Agora imaginemos que o leitor não vive sem comida japonesa e quer fazer uma surpresa aos amigos. Pode fazer como o chef Lucas Azevedo, do restaurante Praia no Parque (Lisboa): comprar uma lula por volta de 1,5 quilos e, depois de amanhada, congelá-la a menos 20 graus, durante 24 horas. Isso é importante não só para destruir o parasita anisakis como para amolecer as fibras da lula. Depois, é deixar descongelar um pouco e laminar finamente o cefalópode, que será temperado com limão (de preferência yuzu ou limão galego açoriano), malagueta e sal. Por fim, um fio de azeite da variedade cordovil e estamos perante uma entrada de causar bruaá na sala.
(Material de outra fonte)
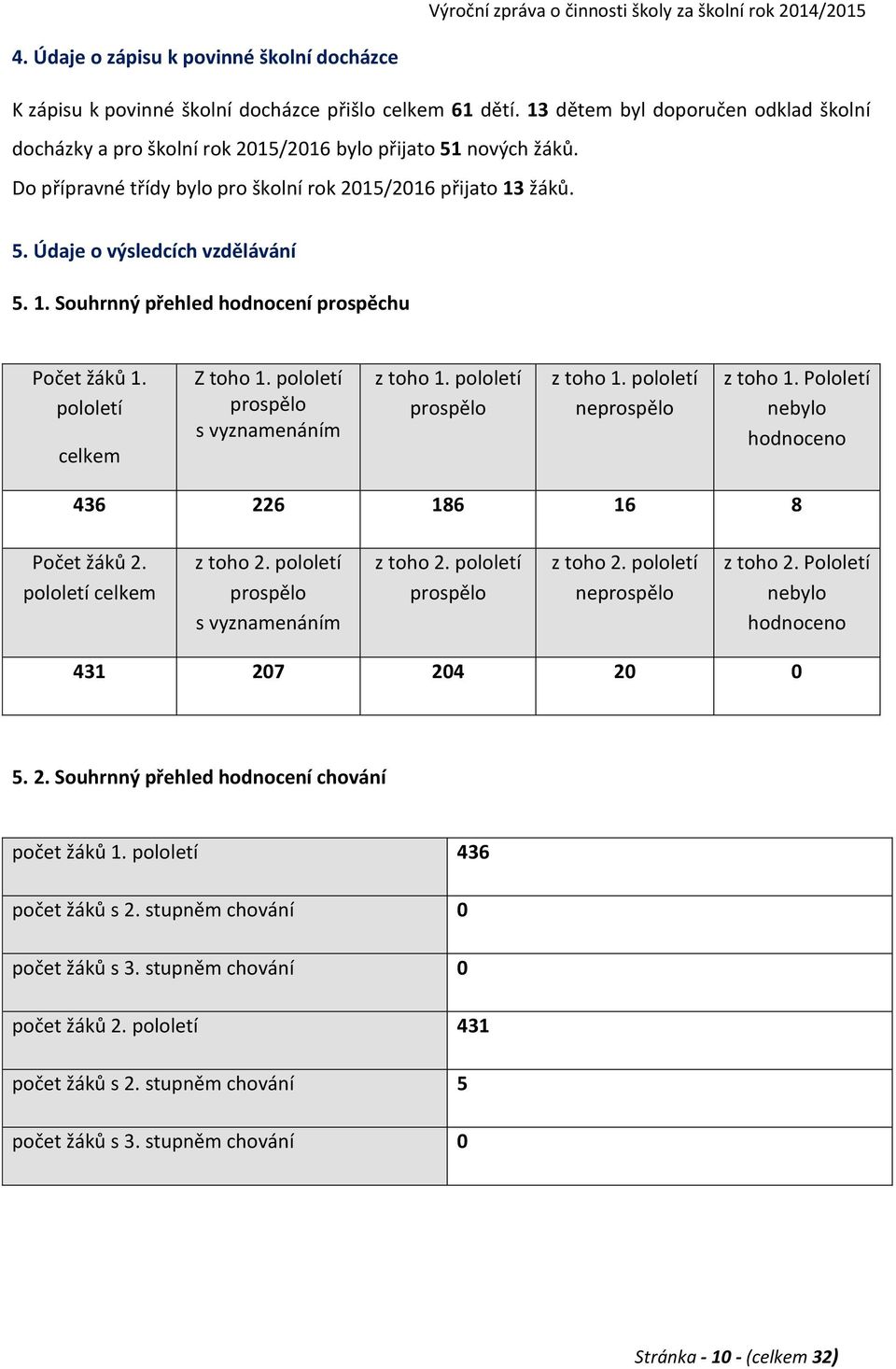 1. Souhrnný přehled hodnocení prospěchu Počet žáků 1. pololetí celkem Z toho 1. pololetí prospělo s vyznamenáním z toho 1. pololetí prospělo z toho 1. pololetí neprospělo z toho 1.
Para substituir os noodles de arroz

Certa vez calhou-nos provar um pho, a sopa vietnamita que nos tira do sério, feito por Rui Silvestre (uma estrela Michelin no restaurante Vistas, em Castro Marim) e, por ser tão espectacular, pedimos-lhe a receita porque, curiosamente, tinha substituído os noodles de arroz por lula crua laminada e isso pareceu-nos uma excelente ideia. E lá fomos para a cozinha, onde estivemos cerca de oito horas a preparar o caldo. Como é fácil de imaginar, a brincadeira não se repetiu. Mas, se o leitor tem um doutoramento em paciência, pois esteja à vontade: é só sacar uma receita de pho na internet e, no final, substituir os noodles de arroz pela lula. Se um pho já é a delicadeza em si, com a lula tudo fica melhor.


Artigo corrigido às 18h32 de 12 de Abril de 2022, para rectificar o nome do chef Rui Silvestre.